The new provisions detail the preliminary review, the review team membership, the determination of a financial emergency, the financial management of the emergency, the development of a written financial plan, State immunity, the requirement of local cooperation, and the revocation of the financial emergency, all related to a public pension plan in financial distress. Following is a summary of the bill.
Preliminary Review. The State Treasurer would be required to conduct a preliminary review to determine if a financial problem existed if one or more of the following occurred:
-- The board of trustees of the retirement system requested a review.
-- The State Treasurer determined that the system's investment returns were significantly below the average investment returns for public pension plans in the State.
-- The State Treasurer received written notification that a beneficiary had not been paid.
-- The board of trustees violated the requirements of the Public Employee Retirement System Investment Act.
-- The State Treasurer received a resolution from either the Senate or the House of Representatives requesting a review.
-- The public pension system's sponsor (i.e., a local unit of government) failed to file the required annual financial report.

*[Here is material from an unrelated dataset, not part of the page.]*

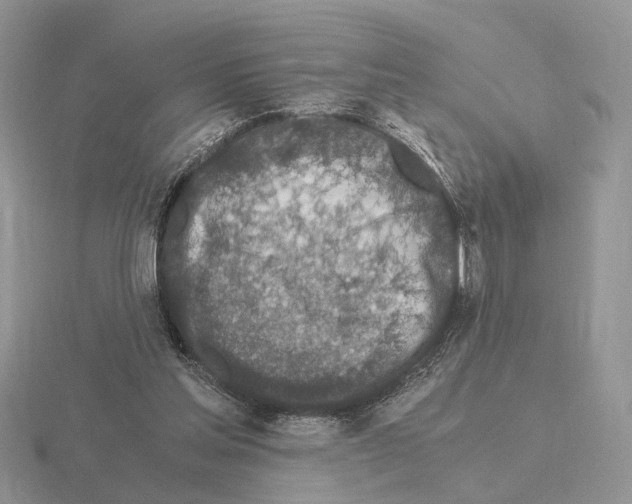 X0000115370205200912151426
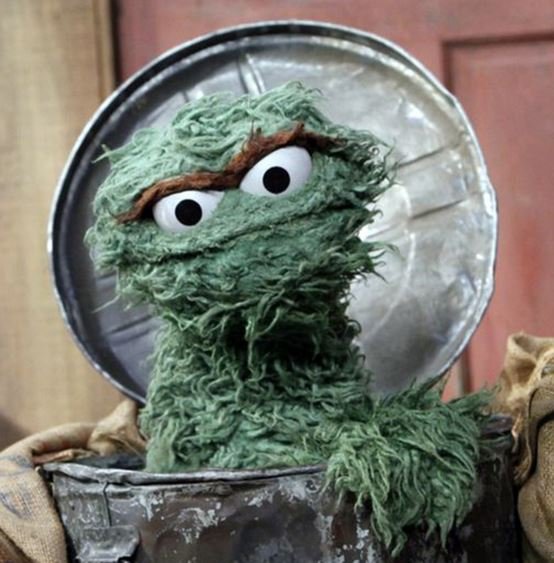 1194215569_oscarthegrouch.jpg.09c5306ff14817a6cdd4466030d09d7e.jpg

Within 30 days of the preliminary review, the State Treasurer would have to notify the Governor of whether a serious financial problem existed.
Review Team. Upon notification by the State Treasurer of the existence of a serious financial condition or at the request of the board of trustees of the pension system for assistance, the Governor would appoint a review team consisting of the State Treasurer, the Auditor General, nominees of the Speaker of the House and the Senate Majority Leader, and other State officials or other persons with relevant professional experience.

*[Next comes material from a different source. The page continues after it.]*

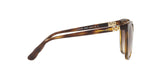 W65613 - Havana - Brown Gradient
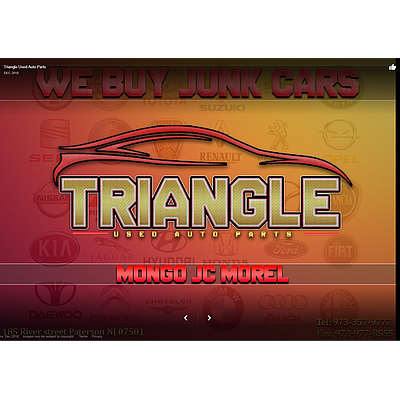 Triangle Used Auto Parts - Paterson | Automotive Services | Logo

The review team would undertake a review of the financial condition of the pension system and report its findings to the Governor within 60 days, or sooner upon the Governor's request. Upon request, the Governor could grant one 30-day extension. A copy of the review team's report also would have to be sent to the pension system's board of trustees, the Speaker of the House, and the Senate Majority Leader. The report would have to specify one of the following:
-- The pension system did not have a serious financial problem.

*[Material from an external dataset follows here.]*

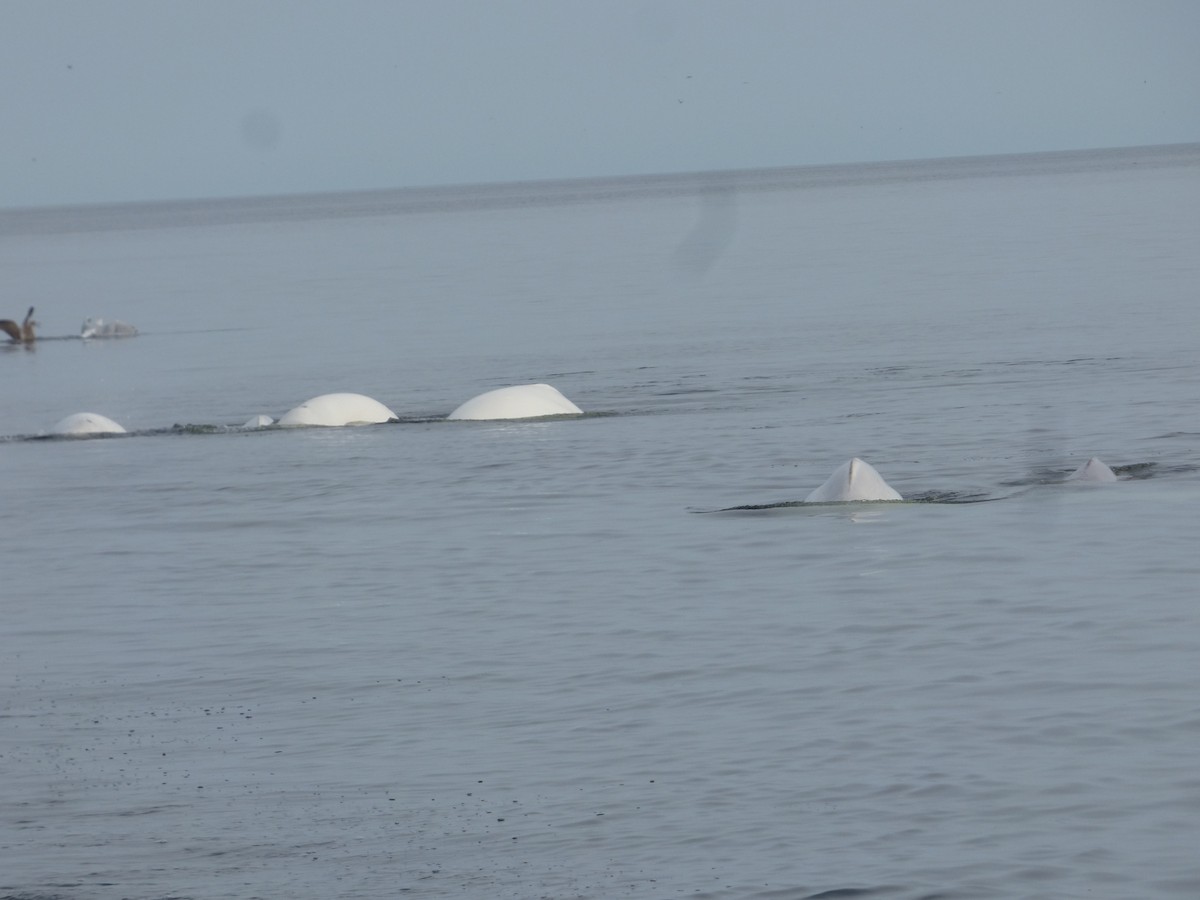 Beluga - ML646046966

-- The system did have a serious financial problem but a consent agreement has been adopted to resolve the problem.
-- There was a serious financial emergency because a consent agreement had not been adopted.
Finding of Financial Emergency. Within 30 days after receiving the review team's report, the Governor would have to determine which of the above-listed conditions applied. If the Governor determined that a serious financial emergency existed, he or she would notify the board of trustees of the determination and provide a concise and explicit statement of the underlying facts supporting the findings, as well as inform the board that it had 10 days to request a hearing. Following the hearing (or after the 10 days expired without a request for a hearing), the Governor would either confirm or revoke the determination of financial emergency. If at any time the State Treasurer or the review team informed the Governor that the board of trustees was not abiding by the terms of a consent agreement, the Governor would be required to determine that a financial emergency existed in that retirement system.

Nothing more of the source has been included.